In the past few months, people at public meetings have accused board and committee members of not listening to their opinions.
Some parents accused school board members and officials of not acting in accordance with their opinions when they split the elementary schools into grades K to 2 and 3 to 5 three years ago. Residents made similar charges at recent zoning board meetings when housing developments were proposed that they didn’t like.
This week, several members of the Planning and Zoning Board debated about public opinion and when it should influence a vote, and then the board voted in favor of a development that a majority of the public had spoken against.
Jeanne Cervin, a member of the Planning and Zoning Board, said she “struggled a lot” when it came to voting on a proposal that many residents spoke against. She made her comments at a P&Z meeting Tuesday as the board prepared to vote on a zone change request that would allow a developer to build a 48-unit apartment complex on West Main Street, one that many neighbors said was too dense, out of character with the historic area and likely to increase traffic. (See related article on the board’s vote.)
Cervin said she takes residents’ comments into account, as she does other information about a proposal, before casting her vote.
Chairman Ben Gettinger was adamant that public input should be paramount.
“What’s the point of having public comment if we ignore what the people say?” Gettinger asked.
Member Ed Mead said that there are sometimes opinions on both sides.
“What about the people who spoke in favor of it?” Mead asked.
When the West Main Street apartment was being discussed, two residents did speak in favor of it, though they were outnumbered by those opposed.
Gettinger was still troubled.
“We should be honest with the people,” Gettinger said, suggesting it isn’t fair to ask for public comment and to suggest those comments matter if the board’s vote ultimately doesn’t concur with the residents’ opinion.
Cervin, struggling for an answer, said the board members have to use their knowledge about zoning regulations to discern and make an appropriate decision.

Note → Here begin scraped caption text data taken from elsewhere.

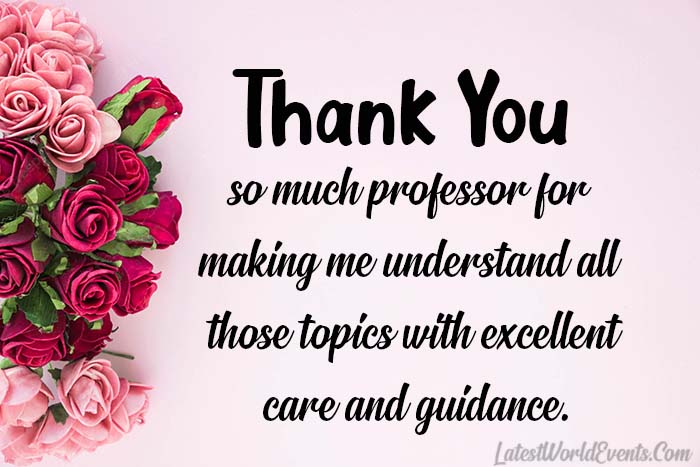 Latest-Short-Thank-You-Message-to-Professor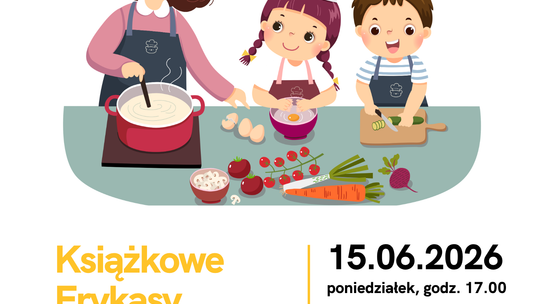 Książkowe Frykasy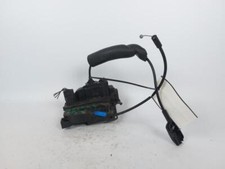 805030001RA SERRATURA PORTA ANT SX RENAULT MEGANE III (B95) BREAK 1.5 DCI 8V MAN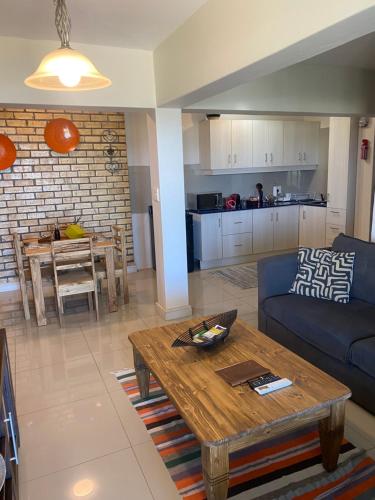 Seaview Sunset Boutique Apartments - Solar powered Room Type - Two-Bedroom Apartment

The board members listen to public opinion, but they can’t make their decision solely on public opinion, Cervin said.
“It’s hard; it’s just plain hard,” Cervin said, “but you can’t make your decision just on public comment.”
One board member said the board cannot always follow the masses.
Gettinger countered that the board shouldn’t ignore its neighbors.
After the discussion, the board voted in favor of the zone change and apartment project that many people opposed. Cervin said she didn’t see a density problem because there is open space at the adjacent Daniel Wasson ball fields. She also said the neighborhood is a mix of buildings, an “eclectic area” that she does not see as overwhelmingly historic. She also said that if the board denied the project, the developer might return with a state-sanctioned affordable housing plan that could be even larger and denser.
Cervin said she thought the proposal was “the best of what could go there.”
Board member Jim Quish was the only member to vote in opposition. He objected to approving a zone change without clarification on when changing a zone is appropriate.
Gettinger agreed with Quish, but he voted in favor of the apartment complex, saying he thought he’d be doing a disservice to the residents if he voted against it and then a bigger project was approved under the state’s affordable housing laws.